* WHAT THE TASK REQUIRES *
Find all lines below containing the string "inches" and return them.

= = = = =

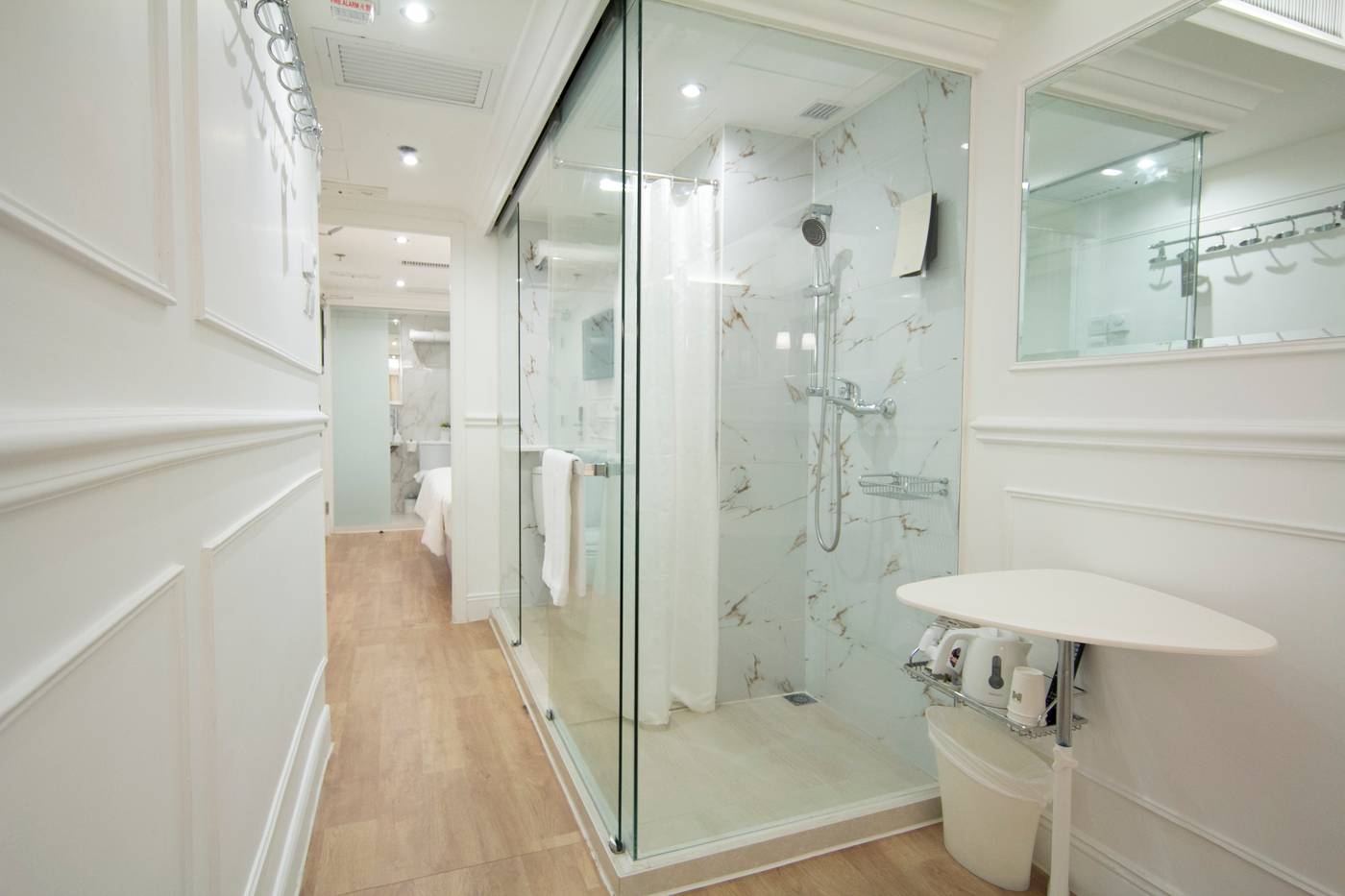 Mini-Hotel-Causeway-Bay-Room-13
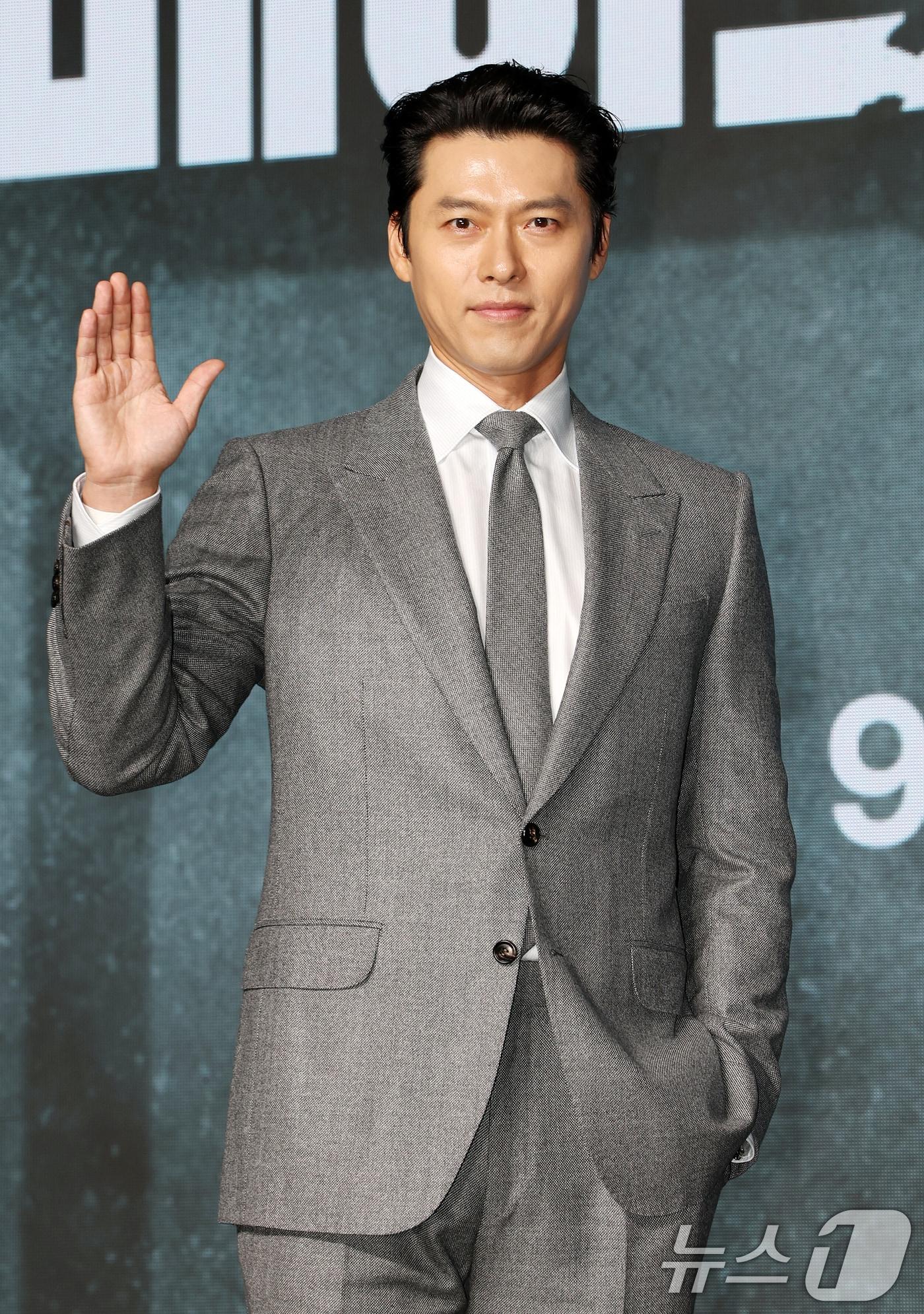 본문 이미지 - 배우 현빈이 2일 서울 영등포구 콘래드서울호텔 그랜드볼룸에서 진행된 디즈니+ 오리지널 시리즈 '메이드 인 코리아2' 제작발표회에 참석해 포즈를 취하고 있다. '메이드 인 코리아2'는 10.26 사태에서 12.12 군사반란으로 이어지는 한국 근현대사의 굵직한 사건들을 기반으로 창작한 '팩션' 시대물로 오는 9일 공개한다. 2026.9.2 ⓒ 뉴스1 김진환 기자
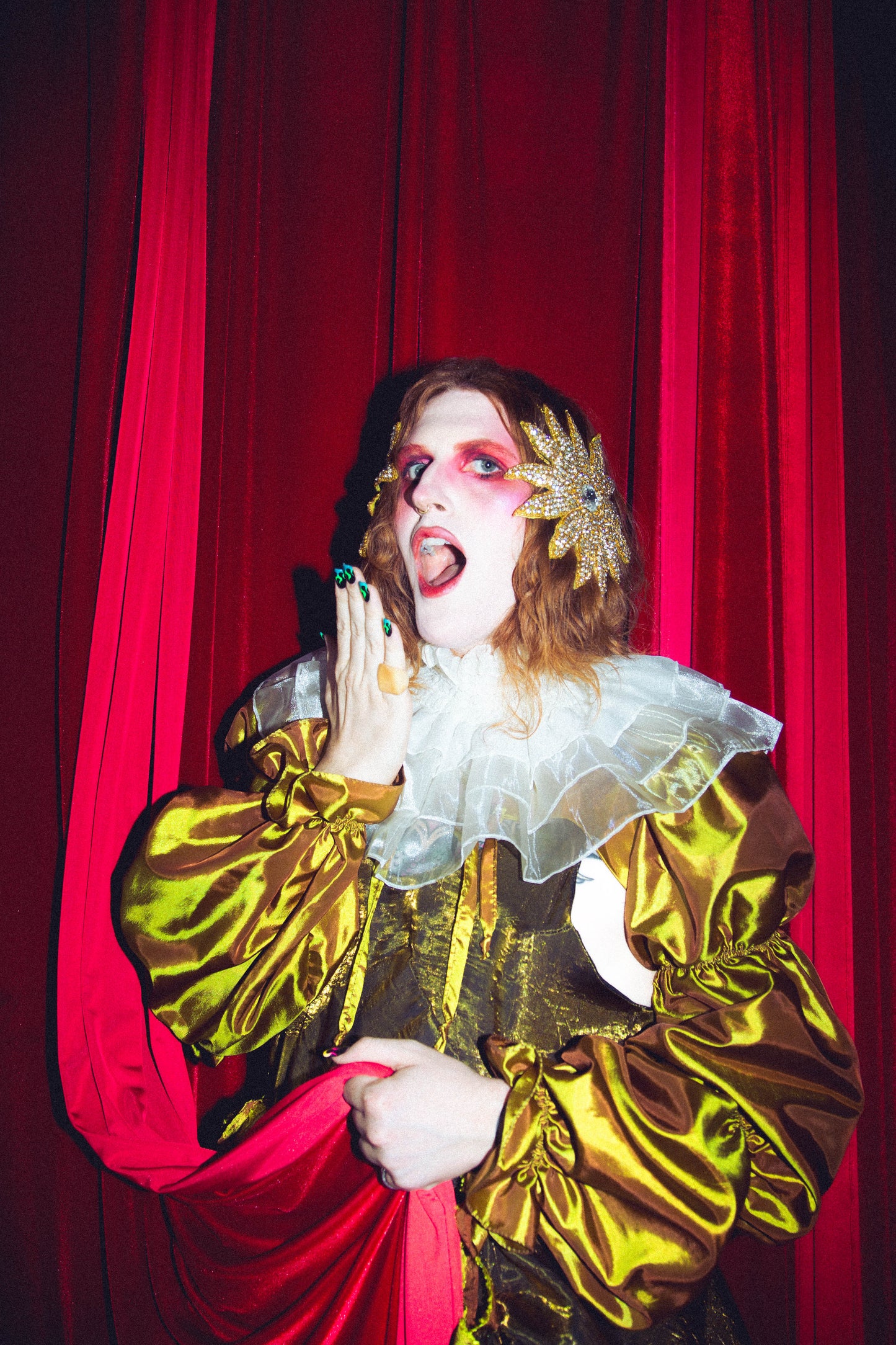 Magda Sleeves & Skirt Set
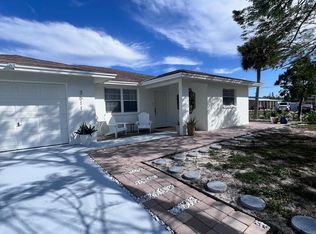 3511 Caloosa St, Naples, FL 34112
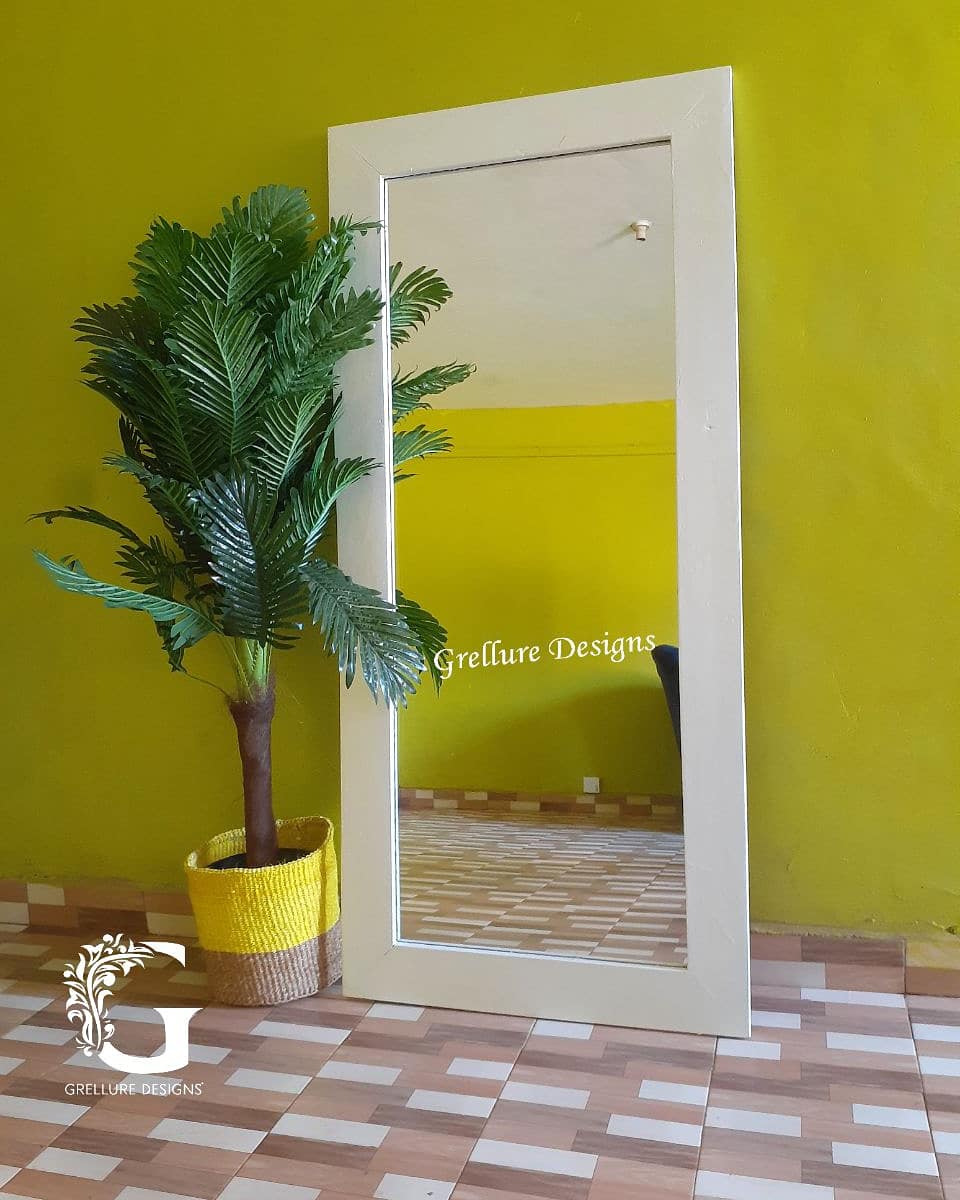 grellure's tweet photo. Chilling under the shade of the Big fat flowerpot 🌺🌻 
.
Brilliant white frame mirror
Dimensions  60 inches height by 24' inches width
Ksh 6,500
Dimensions: 62' inches height by 28' inches width
Ksh 7500

Artificial plant: 56' inches height
Ksh 4,500
Basket Ksh 850

#tree #house https://t.co/2ZF8Op3f0P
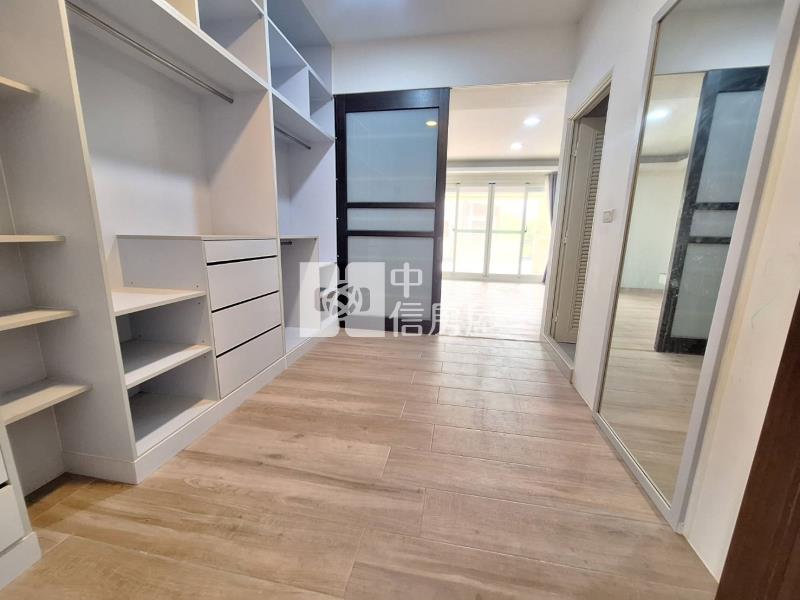 歸仁國小雙面路店面透天房屋室內格局與周邊環境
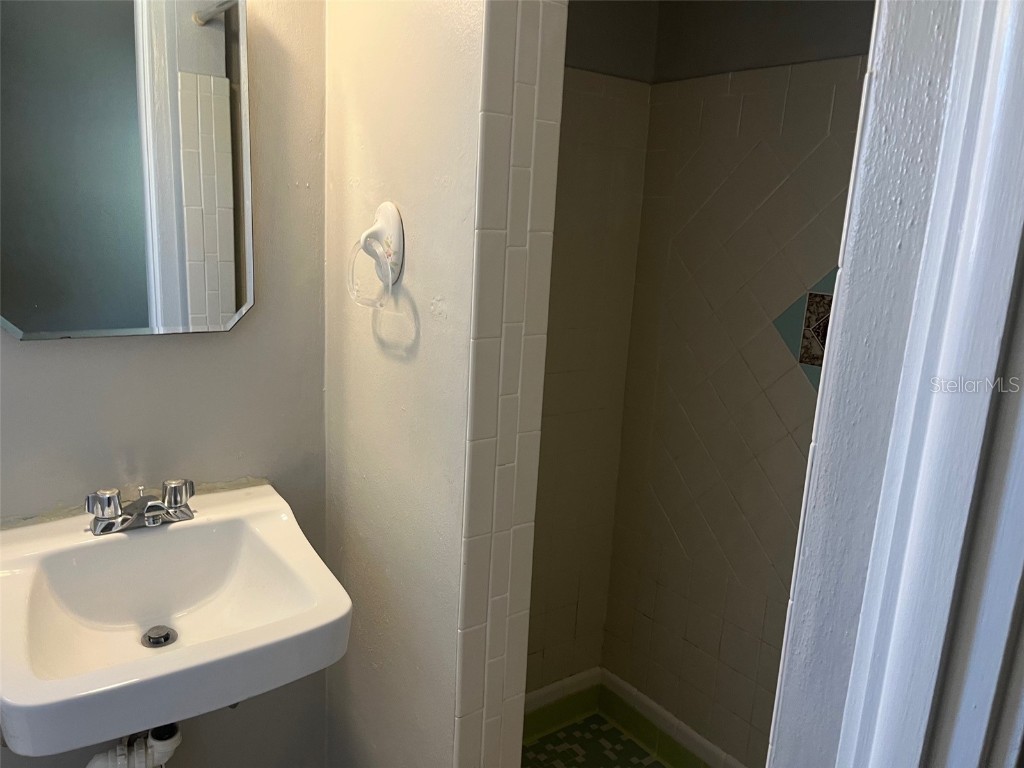 428 90th Avenue Saint Pete Beach FL 33706 TB8453366 image7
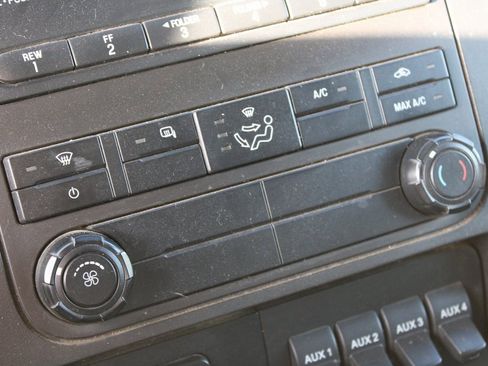 Used 2016 Ford F550 4x4 Crew Cab Super Duty image 22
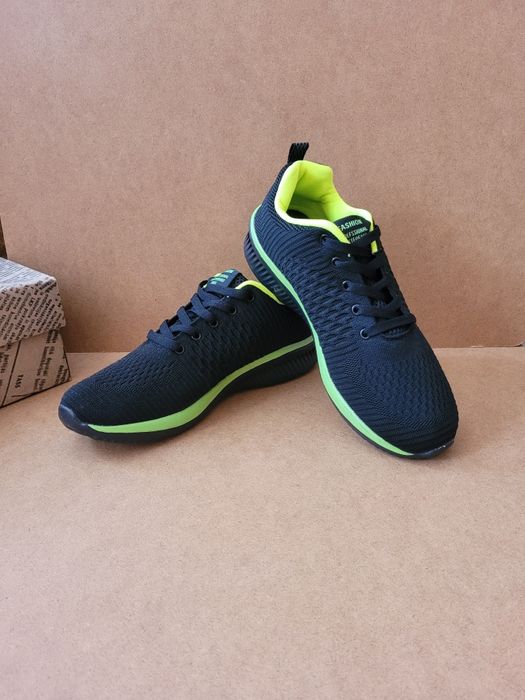 Кроссовки мужские новые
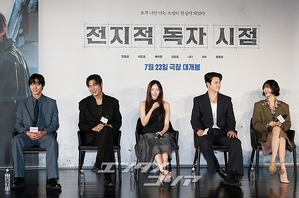 【フォト】『全知的な読者の視点から』制作発表会、みんなでハートのポーズ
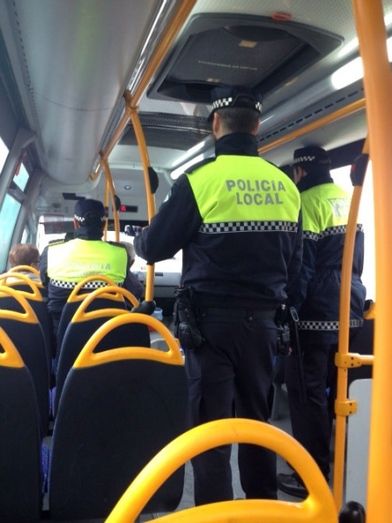 La Policía Local de Ayamonte, obligada a patrullar en autobús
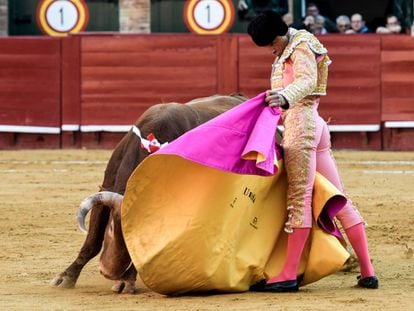Paco Ureña torea a la verónica a su primer toro.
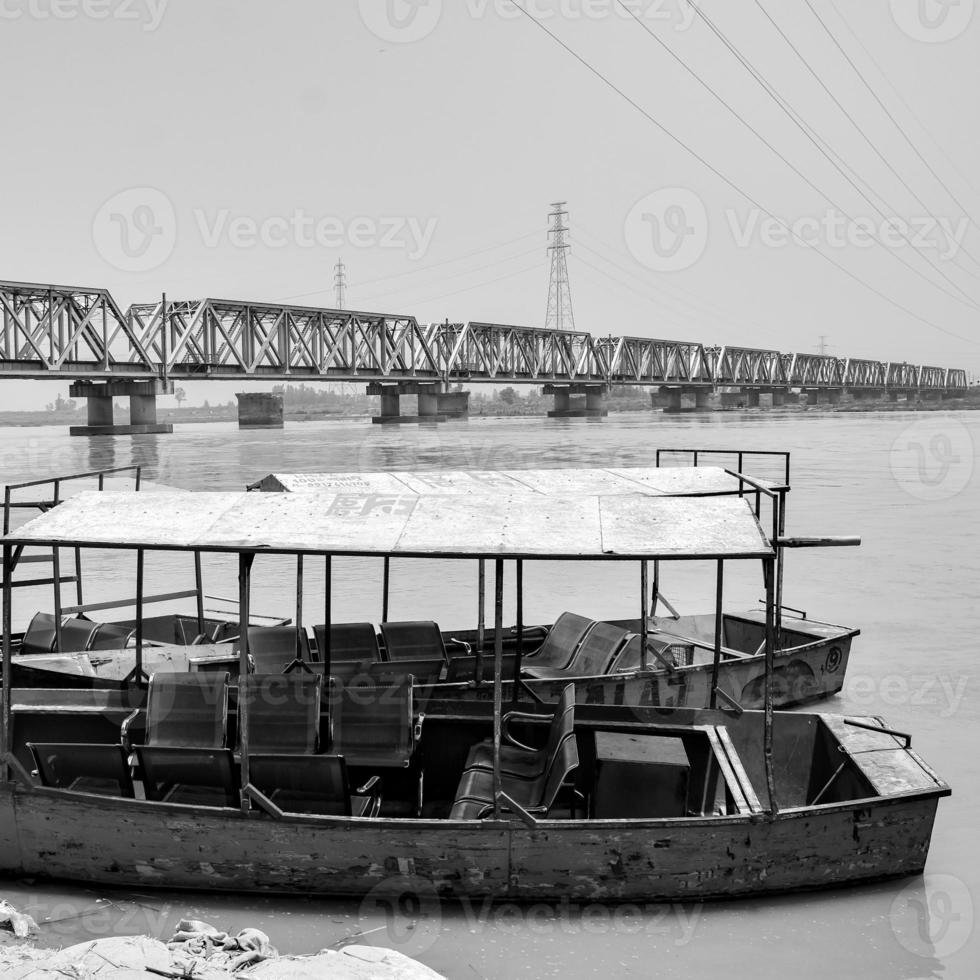 ganga como visto em garh mukteshwar, uttar pradesh, índia, acredita-se que ganga seja o rio mais sagrado para os hindus, vista de garh ganga brij ghat, que é famoso lugar religioso para hindu - preto e branco foto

= = = = =

* OUTPUT OF THE TASK *
Dimensions  60 inches height by 24' inches width
Dimensions: 62' inches height by 28' inches width
Artificial plant: 56' inches height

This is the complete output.